Why: Keeping directory names synchronized with domain names reduces cognitive load and prevents deploy scripts from targeting the wrong bucket. The site was then deployed to its S3 bucket with CloudFront invalidation:

aws s3 sync /Users/cb/Documents/repos/sites/86from.com/site \
  s3://86from.com --delete
aws cloudfront create-invalidation \
  --distribution-id [DISTRIBUTION_ID] \
  --paths "/*"

We also created a new SEO-focused page at /Users/cb/Documents/repos/sites/86from.com/site/what-does-86d-mean to capture organic search traffic around the term "86d" (restaurant slang).

Fixing Template Syntax in Booking Widget

The sailjada.com index.html file contains an embedded booking widget powered by Google Apps Script. Multiple edits revealed a critical issue: double-brace delimiters {{ and }} used in the widget's JavaScript template were conflicting with the HTML templating engine.

Root cause: The booking widget uses a custom template syntax (e.g., {{booking_id}}) for client-side interpolation, but the server-side template processor was interpreting these as Jinja2 or similar syntax and failing to render.

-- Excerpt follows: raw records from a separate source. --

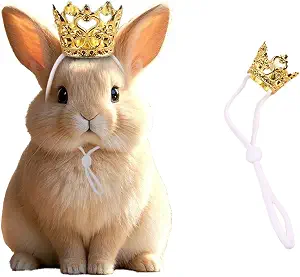 1PCS Crown Tiara Headband for Cat Dogs Puppy Birds Ducks Chicken Rabbit Hamster Pets Party Birthday Grooming Hair Accessories(Gold,Elastic)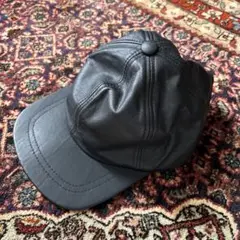レザー ブラック キャップ　vintage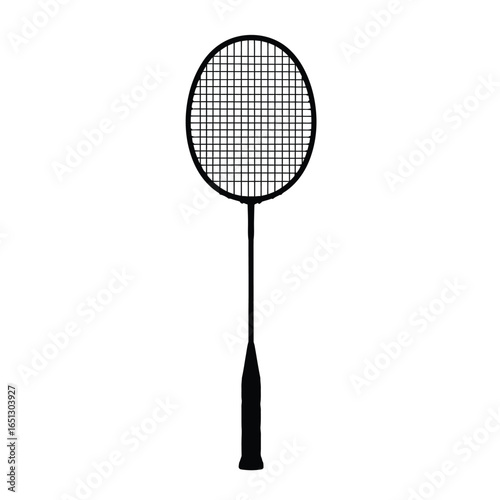 Black badminton racket on white background sport equipment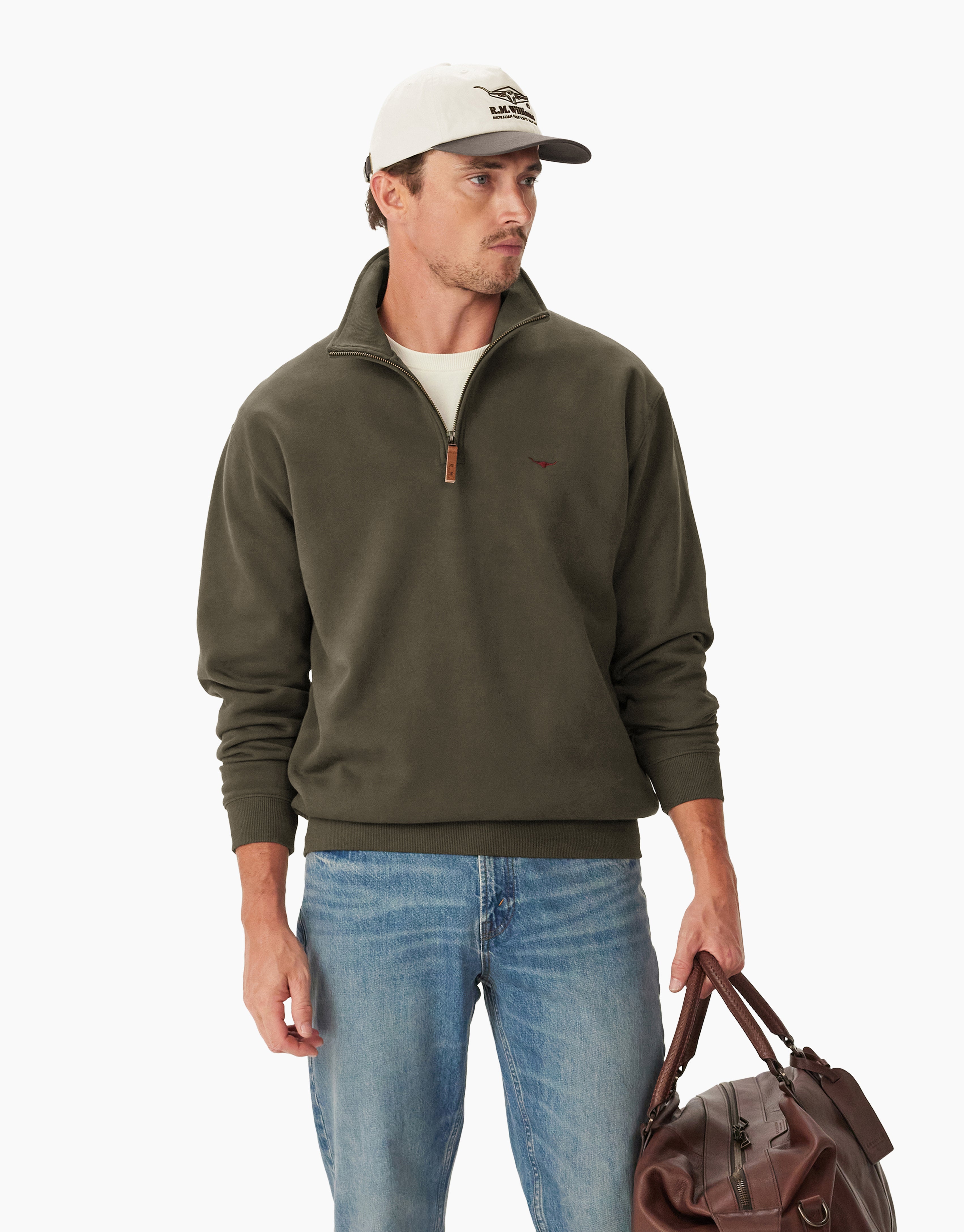 R.M. Williams Mulyungarie 1/4 Zip Olive Sweatshirt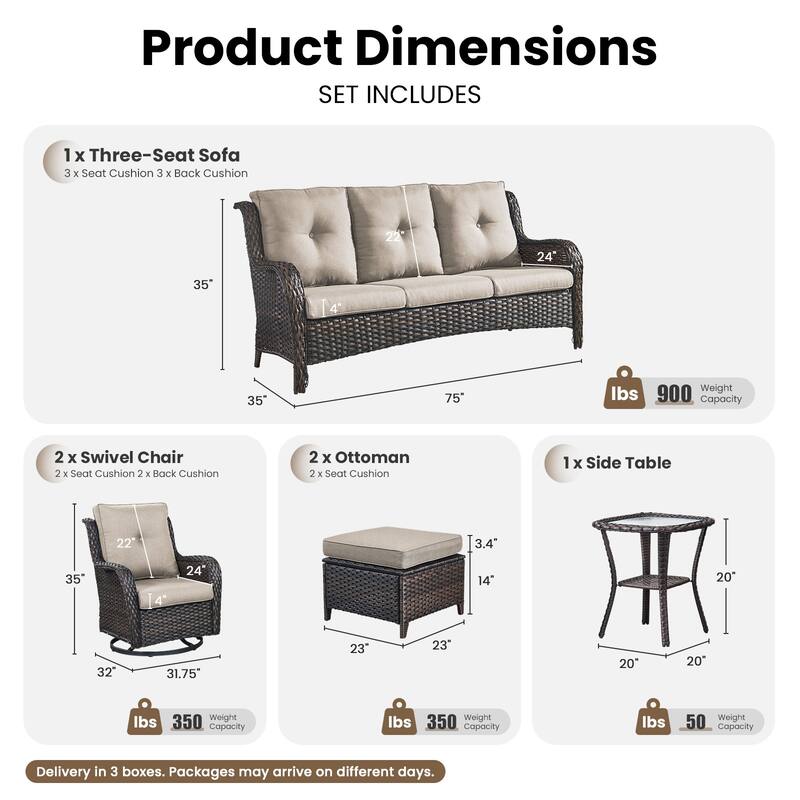 Gymojoy 6-Piece Outdoor Wicker Patio Set with Swivel Rockers, 3-Seater Sofa & Ottomans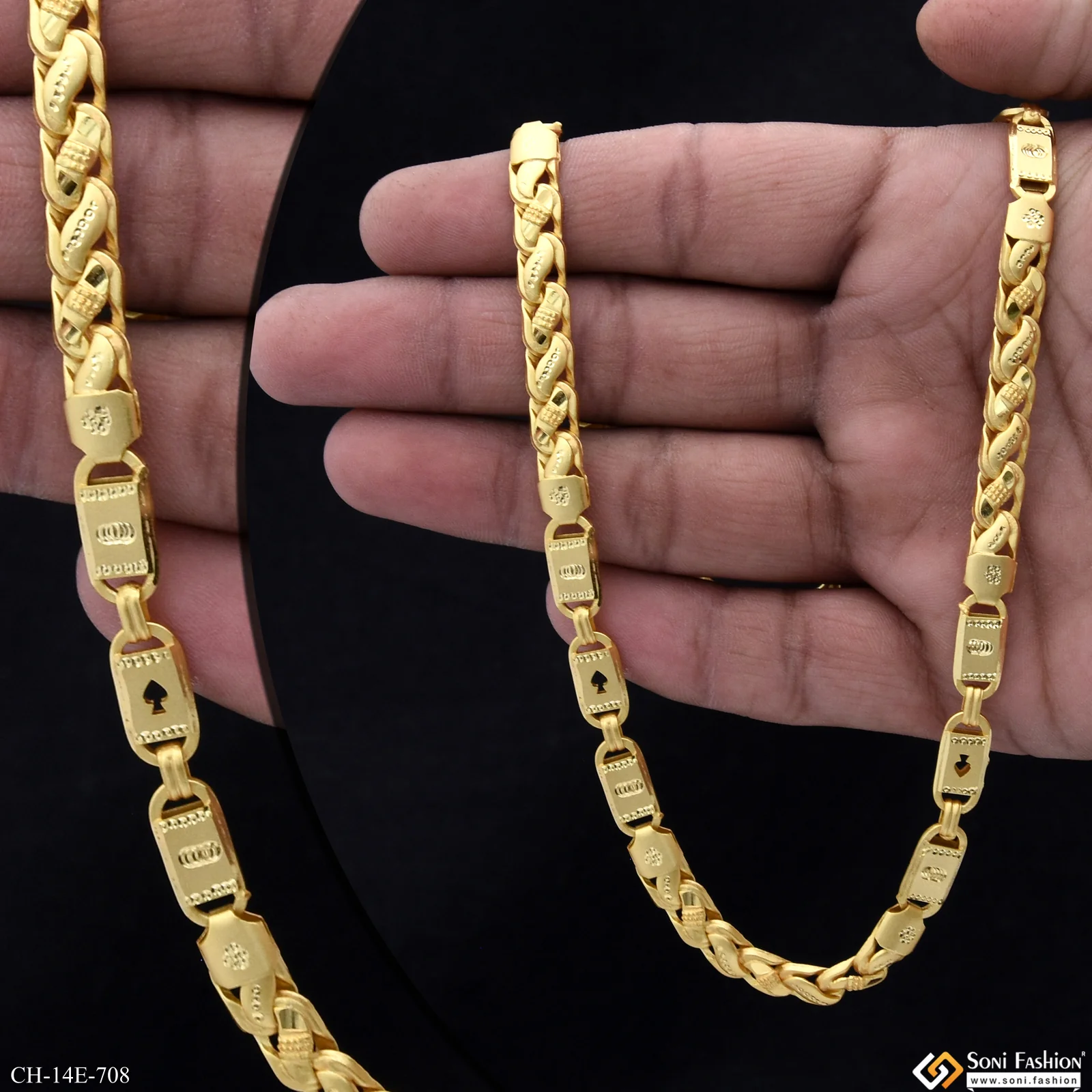 Fancy Design Gold Plated Pokal Nawabi Chain for Men - Style E708 - Image 2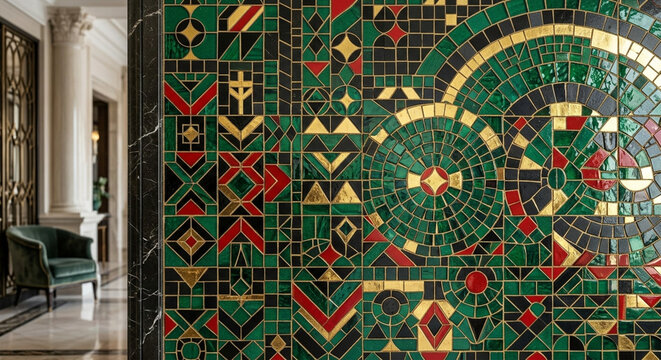 Intricate geometric mosaic wall art in green, gold, and red with abstract patterns. Luxurious interior design, decorative tile.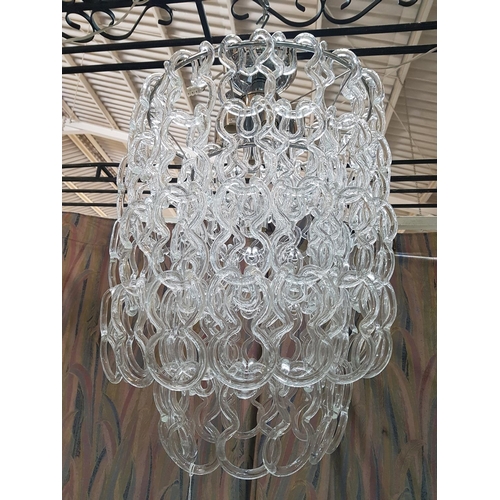 404 - Large Modern Chandelier, Two White Metal Rings with Large Quantity of Hanging Glass 'Chain Links'. O... 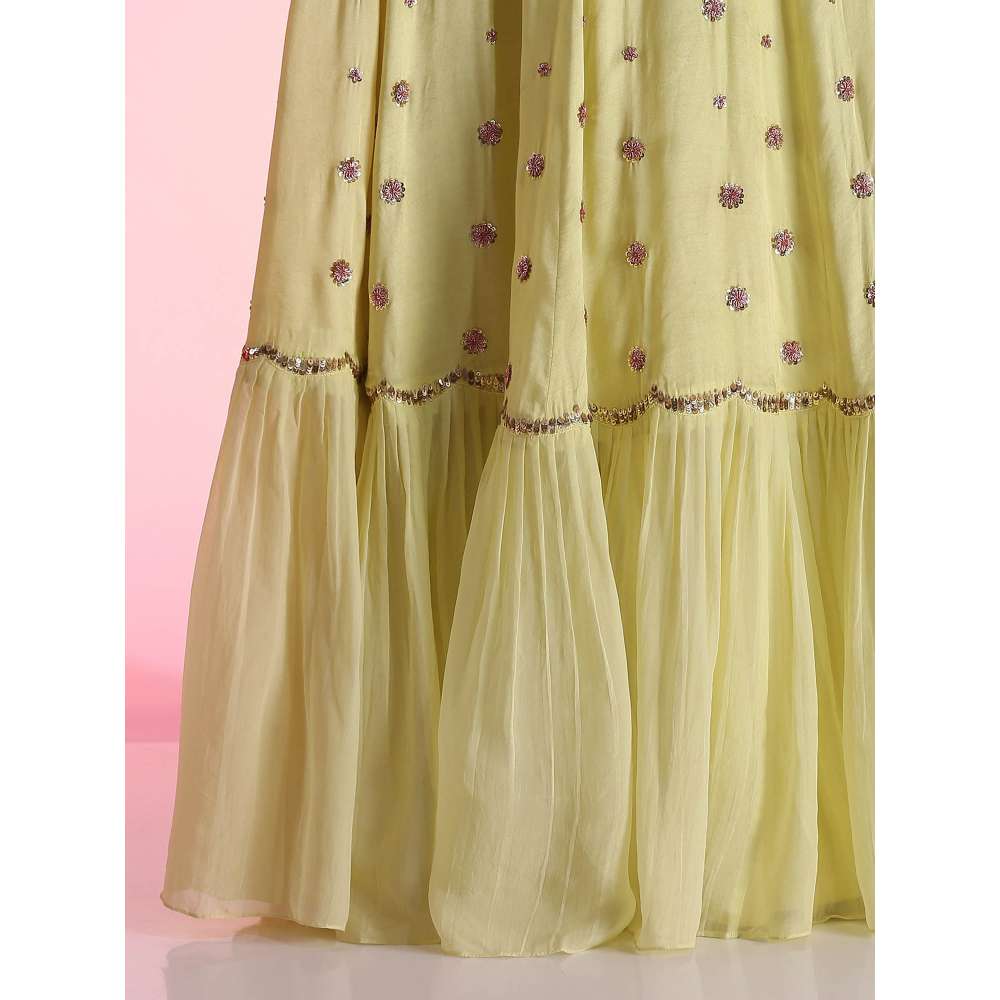 Kudi Pataka Designs Ella-ye Yellow Fusion Lehenga With Choli & Dupatta (Set of 3)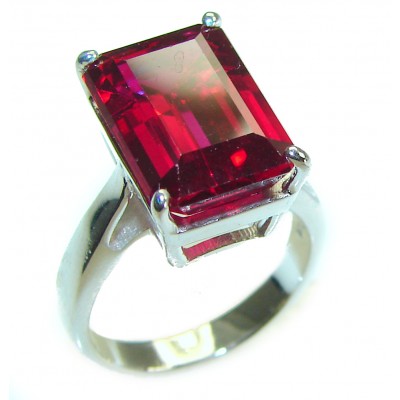Carmen Lucia 10.5 carat Red Topaz .925 Silver handcrafted Cocktail Ring s. 7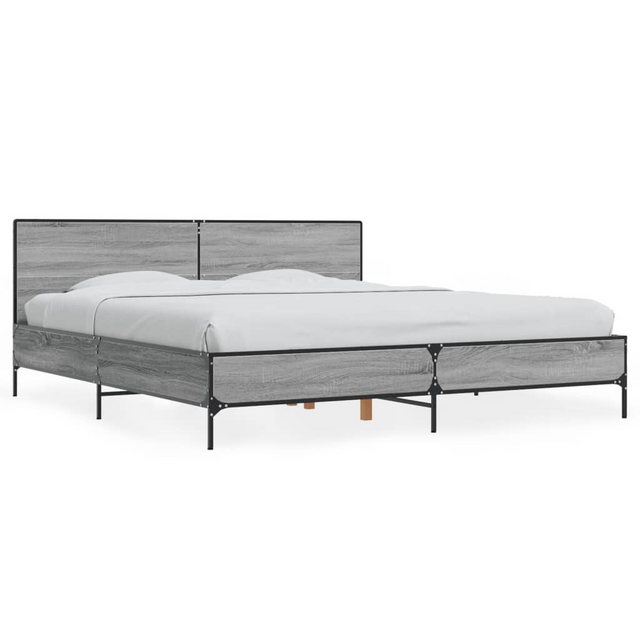 vidaXL Bett, Bettgestell Grau Sonoma 180x200 cm Holzwerkstoff und Metall günstig online kaufen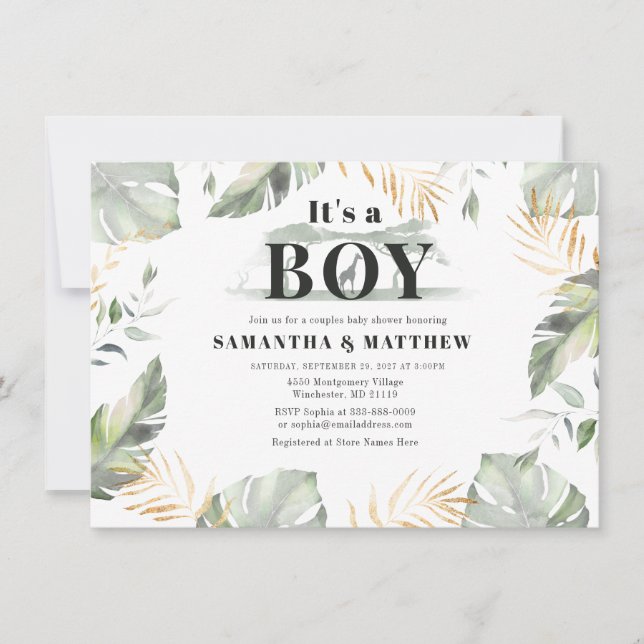 Modern Giraffe Safari jungle Boy Baby Shower Invitation (Front)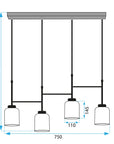 LAMPA SUFITOWA WISZĄCA APP1266-4CP 6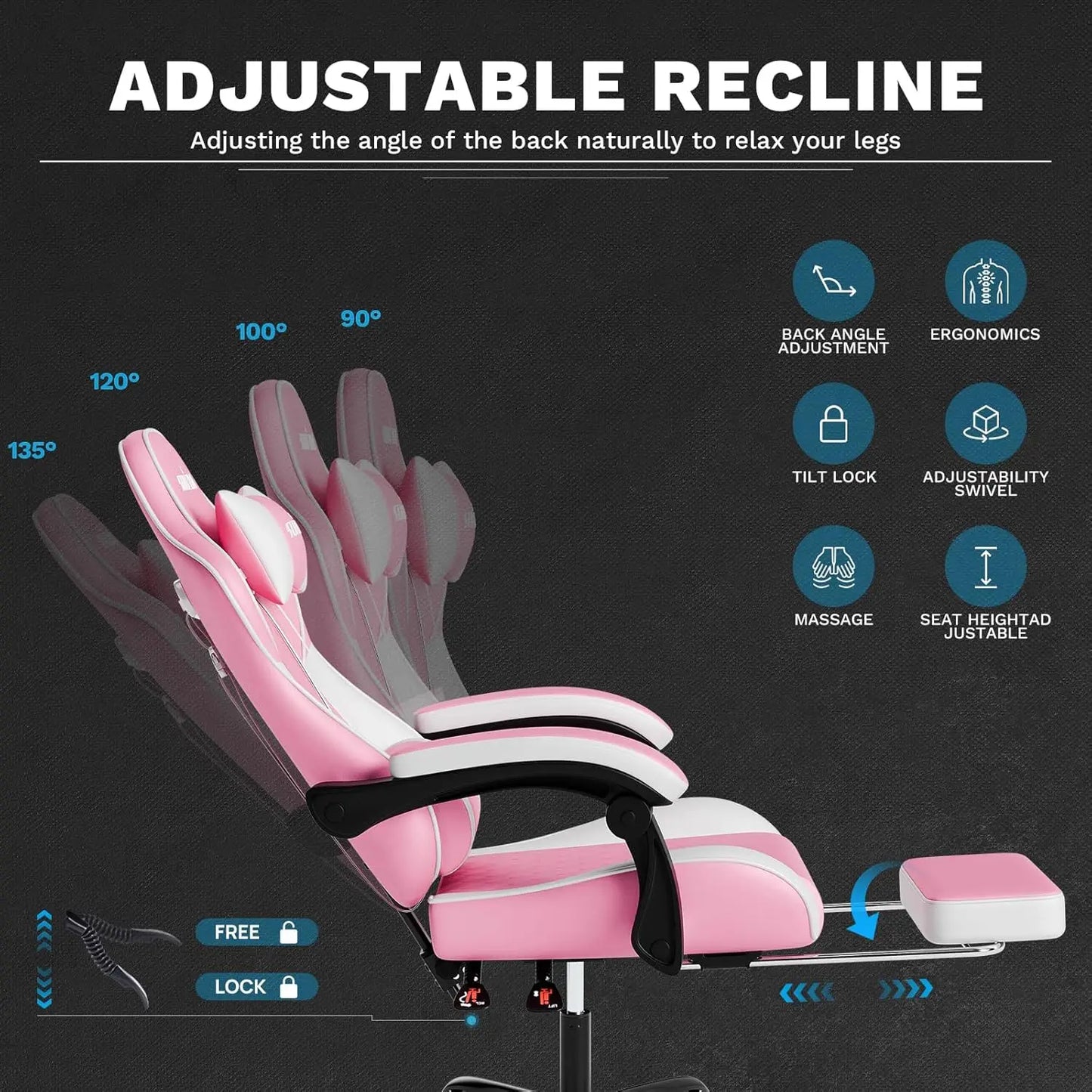 Height Adjustable Ergonomic Video Gaming / Computer Chair with Messaging Lumbar Support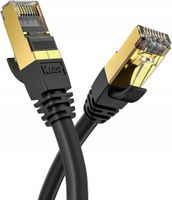 VEETOP KABEL ETHERNET RJ45 SIECIOWY CAT8 CZARNY 10m POZŁACANE STYKI
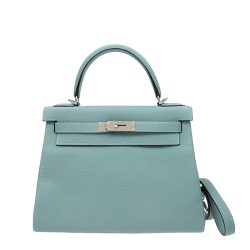 Hermès Kelly 28 Togo Palladium Hardware in Blue Jean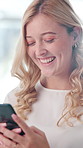 Laugh, phone and business woman in office for social networking, online chat and email communication. Happy, workplace and person typing on smartphone for website, message and contact on mobile app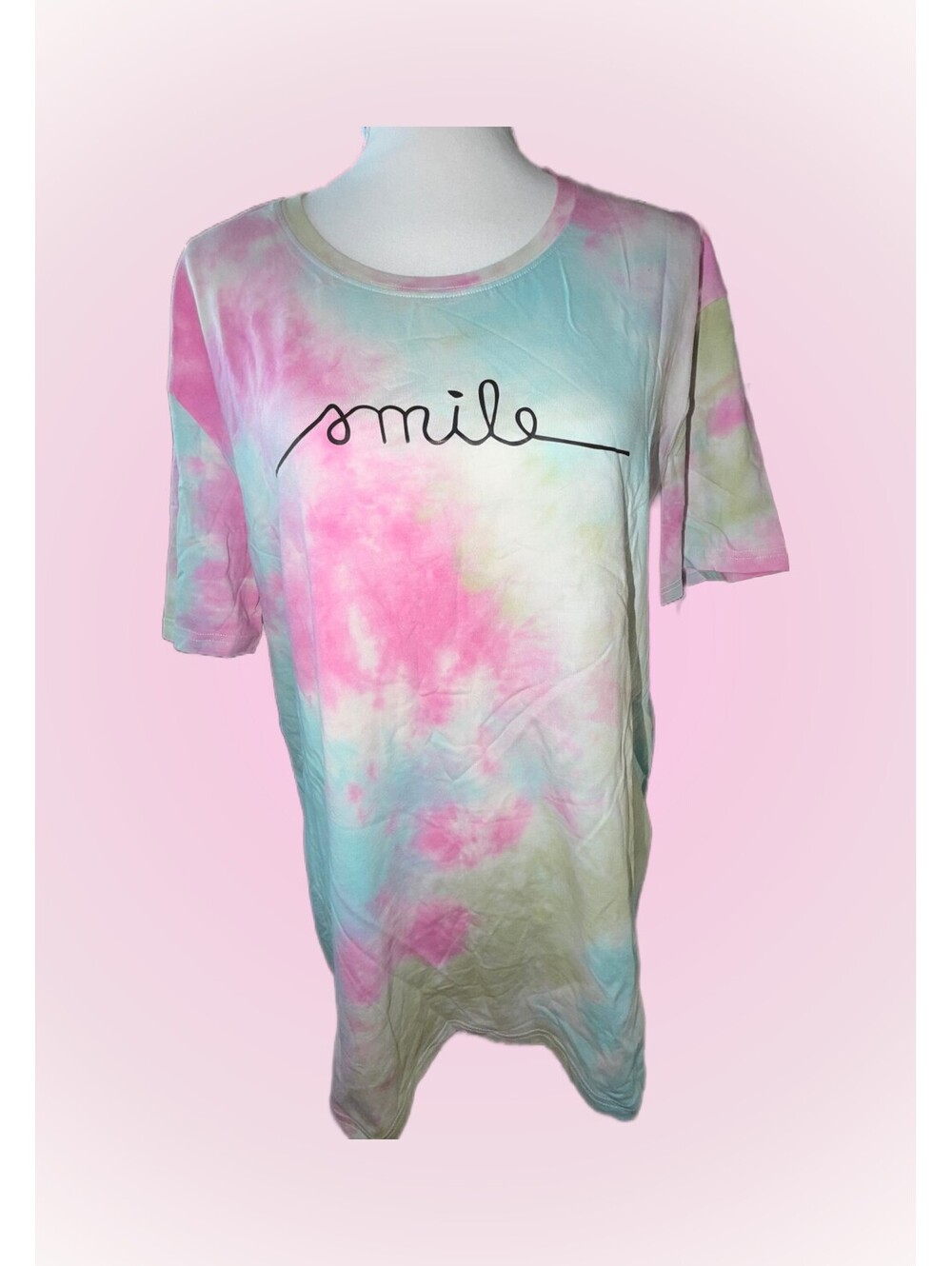 Womens New NWT Size XXL [Runs XL] Tie Dye Top / Shirt "Smile"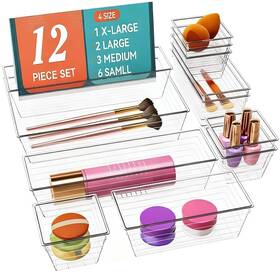 Do-12pc Dca 12 Pcs Clear Plastic Drawer Organizer Set 4 Sizes Makeup Vani Do-12pc Dca 12 Pcs Clear Plastic Drawer Organizer Set 4 Sizes Makeup Vani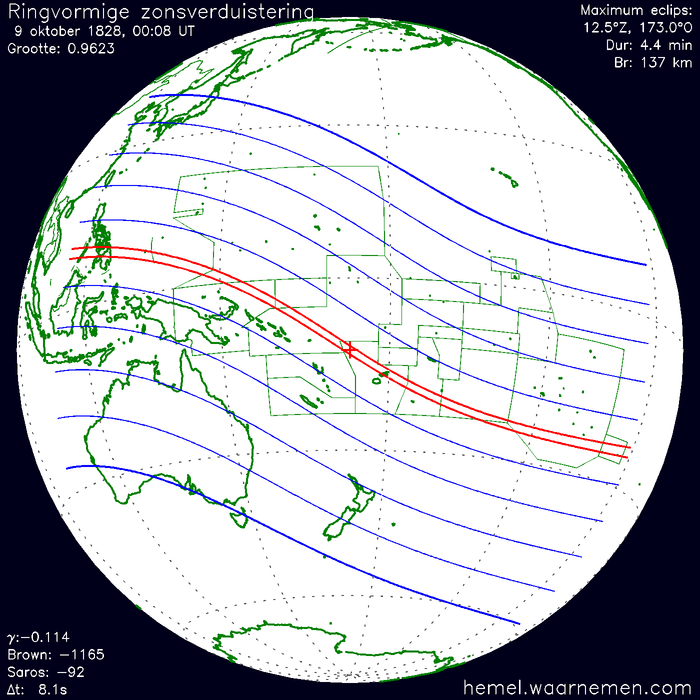 Wereldkaart van de eclips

Fix: We isolated the booking widget's <script> block and replaced all template variables inside it with single braces or an alternative delimiter that wouldn't conflict:

// Before:
var booking_id = "{{id}}";

// After:
var booking_id = "{id}";

The corrected HTML was deployed to the staging CloudFront distribution first, then after syntax validation, pushed to production.

Infrastructure Decisions & Rationale

  • Lightsail API over SSH keys: Temporary credentials reduce key management overhead and improve audit trails. SSM Session Manager would have been an alternative, but the Lightsail API is simpler for this use case.
  • 30-turn daemon limit: Rather than immediately increasing the context limit, we documented the pattern and recommended task partitioning. Complex workflows should be split into discrete steps that can be retried independently.
  • Absolute paths in scripts: We hardcoded full paths in auth_ga.py to ensure it works regardless of working directory when invoked by cron or systemd.